__Prompt__
Could you transcribe every record below exactly as written, excluding the pictures?
══ Dataset records
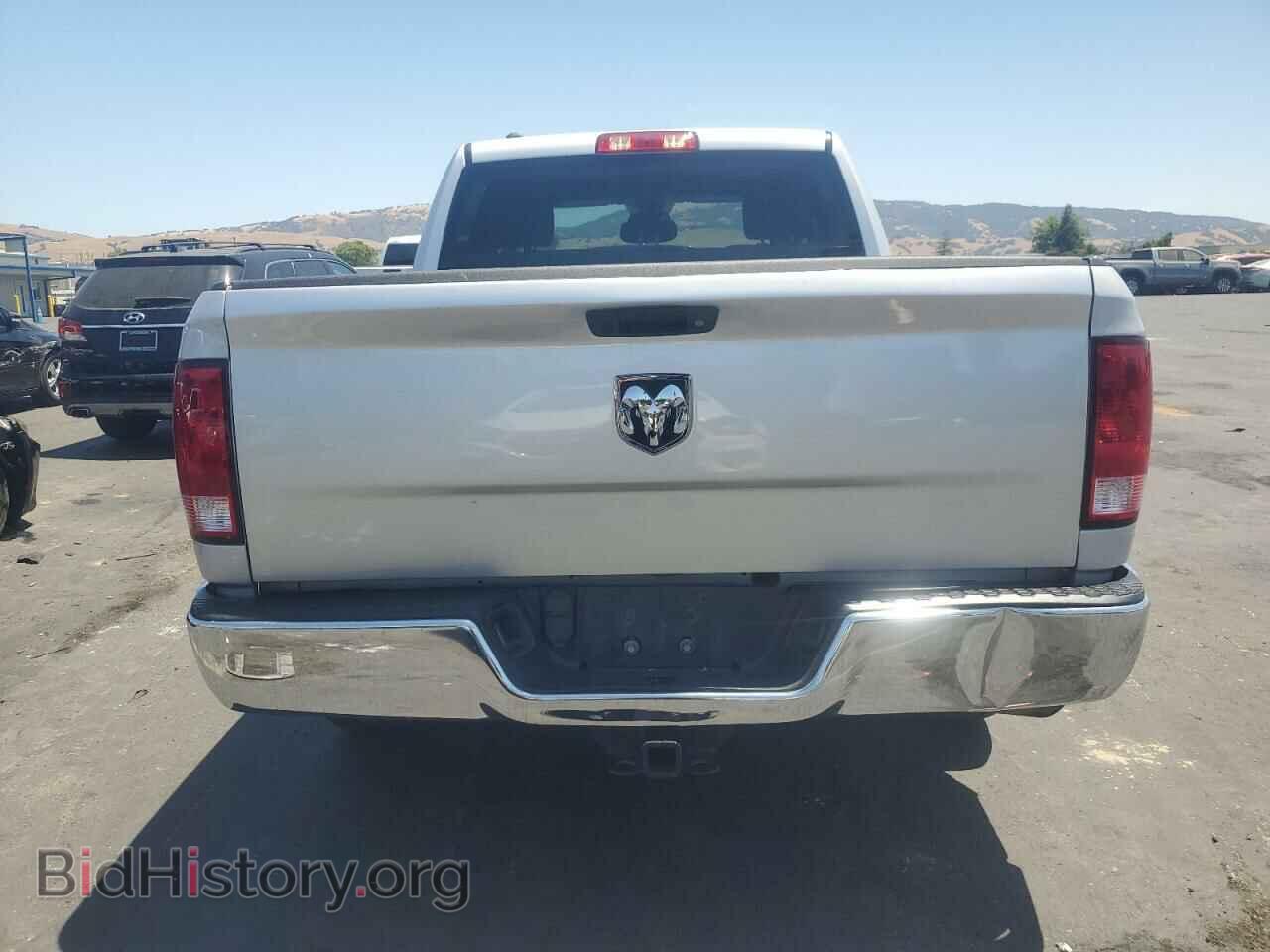 2018 RAM 1500 - VIN: 1C6RR6KM8JS290873 - Photo 6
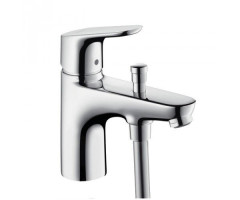Змішувач для ванни Hansgrohe Focus E, одноважільний, хром (31930000)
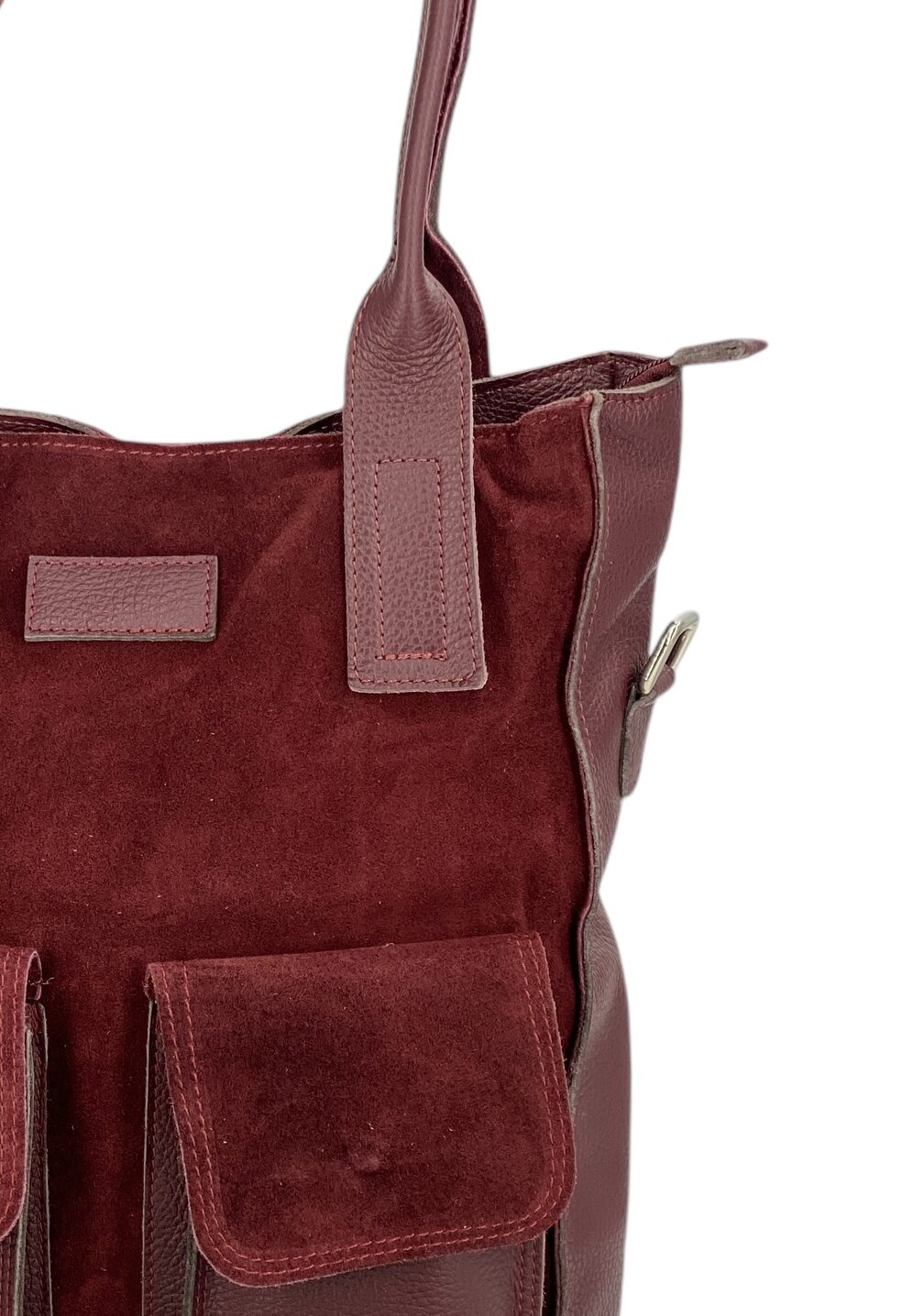 Eloise - stile naturale, carattere deciso.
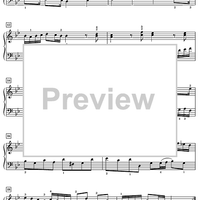 Entrée in G Minor [HWV 453]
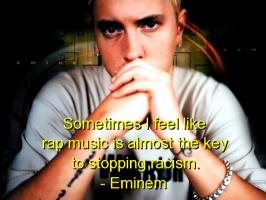Shady quote #1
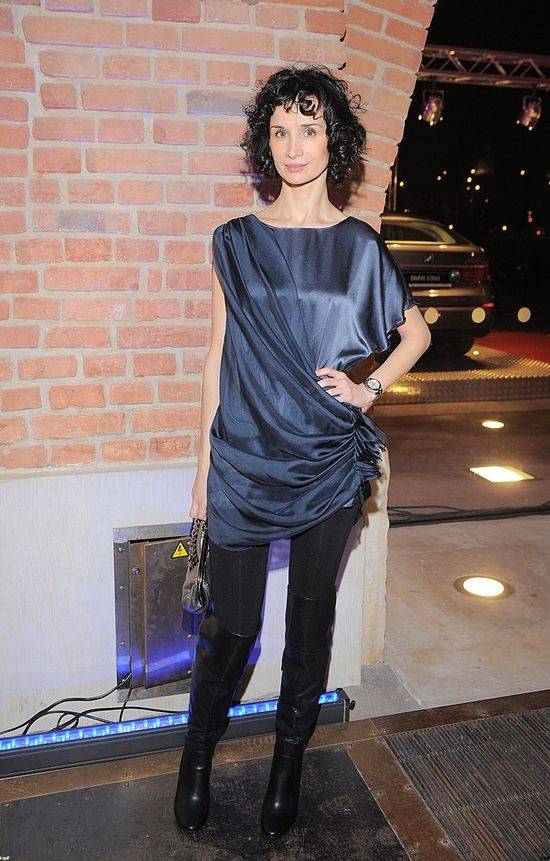 Stare zdjęcia Violi Kołakowskiej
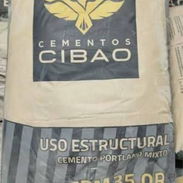 Cemento cibao p350 original sellado - Img 56877709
════
__Exercise response__
 2018 RAM 1500 - VIN: 1C6RR6KM8JS290873 - Photo 6
Змішувач для ванни Hansgrohe Focus E, одноважільний, хром (31930000)
 Eloise - stile naturale, carattere deciso.
 Entrée in G Minor [HWV 453]
Shady quote #1
 Stare zdjęcia Violi Kołakowskiej
 Cemento cibao p350 original sellado - Img 56877709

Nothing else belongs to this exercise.